Whenever I give a lesson to any intermediate to advanced improvisers, I typically find that they are already practicing patterns on a regular basis. (I can hear it manifest itself as part of their improvisational “vocabulary”.)
Yet far too many of them are not doing one very important thing each time they learn a new idea, lick or pattern:
They’re not singing it first, before playing it.
As simple as that.
I begin to suspect this based upon what I hear in their playing, which in general, sounds like they are somewhat disconnected to the notes they are playing. In short, it sounds like they’re not playing so much from their aural imagination, as from mechanical memorization.
As I start asking questions, I often find that they also don’t do much singing in general as they practice improvisation.
And that’s where we begin to change their practice aims and procedures.
You see, there is a very good reason all the legendary jazz artists would learn so much of their vocabulary by ear (and why this learning tradition is carried on by today’s great artists and educators).
It all comes down to how you think and react.
When you think of a melodic idea in a mechanical sense (such as, “root, to flat 5, to 4, to flat 3, to natural 3, to root”, for example), your brain organizes how you’re going to play that idea (your reaction) in a fundamentally different way than if it emerged from your aural imagination.
When you practice patterns from this more “mechanical” organization, it not only takes a good deal of time to “get the notes under your fingers”, it also takes a long time to find its way into your natural, organic improvisational expression.

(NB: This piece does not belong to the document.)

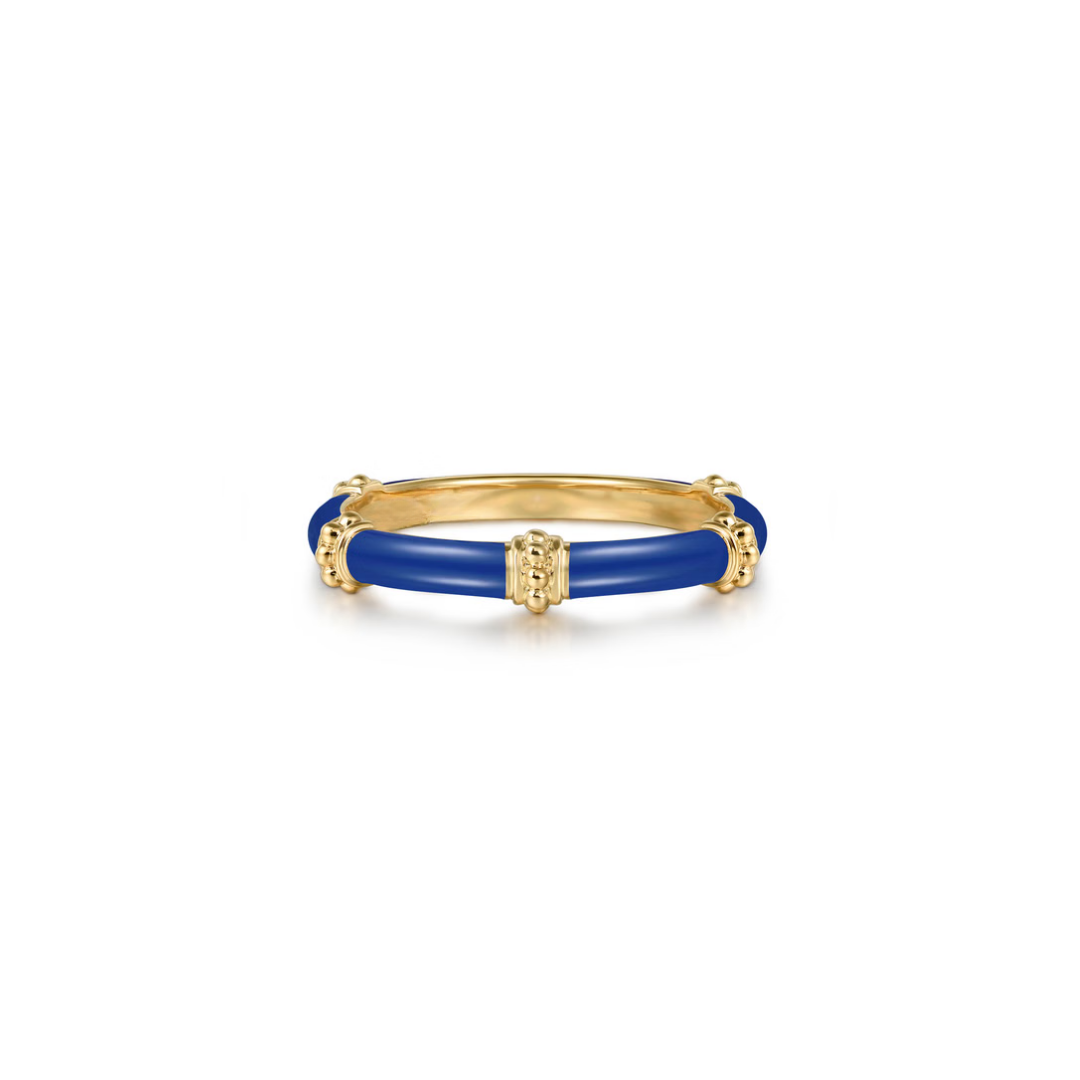 The Bamboo Node Ring (Chrome Green & Rose Gold Edition)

On the other hand, when you are able to hear clearly and precisely how a melodic pattern sounds, you will not only get the notes under your fingers in a shorter amount of time, but you’ll also be able to access the pattern more readily as you improvise.

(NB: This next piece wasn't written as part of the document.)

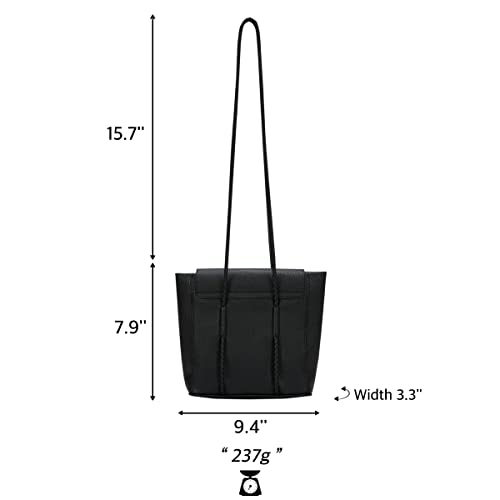 KWANI Norah Black Shoulder Bags for Women and Ladies4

And here’s the bonus part:
When you learn patterns primarily by hearing and imagining them, you become much more flexible with how you use them. This means that you easily learn to make variations on them in the moment when you improvise (which, in many ways, is the essence of improvisational variation).
By using you ears in this way you turn patterns into components of aural imagination and impulse. This becomes the fuel that privides energy and movement for your improvisations.

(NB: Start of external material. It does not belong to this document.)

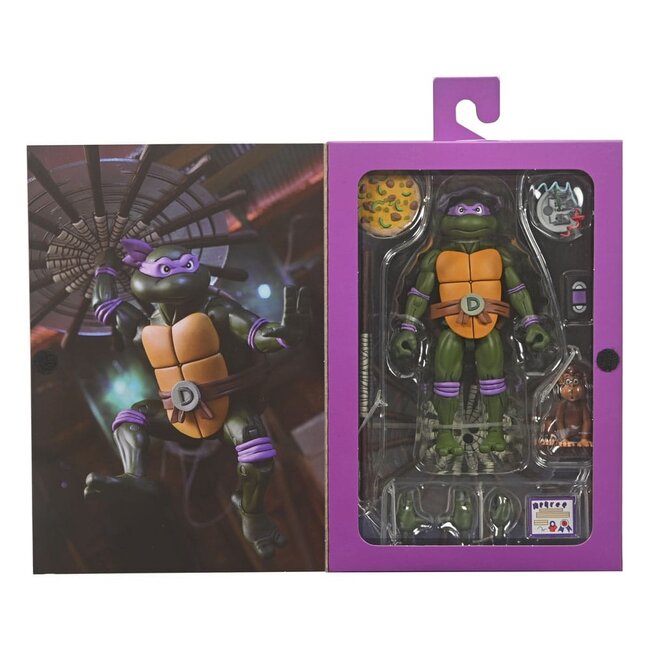 Teenage Mutant Ninja Turtles (Zeichentrickserie von 1987) Actionfigur Ultimate Donatello (VHS) 18 cm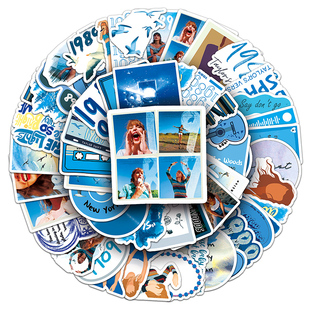 50张Taylor泰勒霉霉专辑1989欧美明星周边装饰手机壳水杯手账贴纸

When you first start learning patterns by ear, it can seem daunting. It might take a lot of time to learn even the most rudimentary melodic patterns (like 1,4,5, 3 in major keys for example).
Keep in mind that you get better and better at doing this (meaning faster and more accurate) the more you practice it. And also keep in mind that you can start simple, building upon your skill.
But here’s the bottom line:
No matter whether you discover a new melodic pattern (or lick, or sequence, or idea, or fragment, etc.) that you want to learn from a recording, or from a notated source (such as a transcription or jazz etude book), get in the habit of doing this one very simple, very important thing:
Take the time to sing the pattern with 100% accuracy before you take it to your instrument to work on it. Don’t just approximate the general “shape” of the pattern. Know it from note to note in its entirety.
Sing it in at least one key, but sing it until you have confidence that you imagine and hear it with vivid clarity. Let it go deep inside of you.
It is never time wasted.
And even if you’re practicing patterns from a book that presents a particular melodic pattern in all 12 keys, take time to sing the pattern in an iteration that fits within your vocal range. Then start wherever that is on the page and work each of the other keys of the pattern using your “singing key” as a starting point.
Doing this regularly will help you to play and absorb the pattern in the other keys more readily and more deeply.
It’s a matter of turning the somewhat abstract (the notes and sequence of the pattern, lick, etc.) into something a bit more concrete (your expression).
And when that happens, you’re on your way to expanding and personalizing your own unique improvisational voice.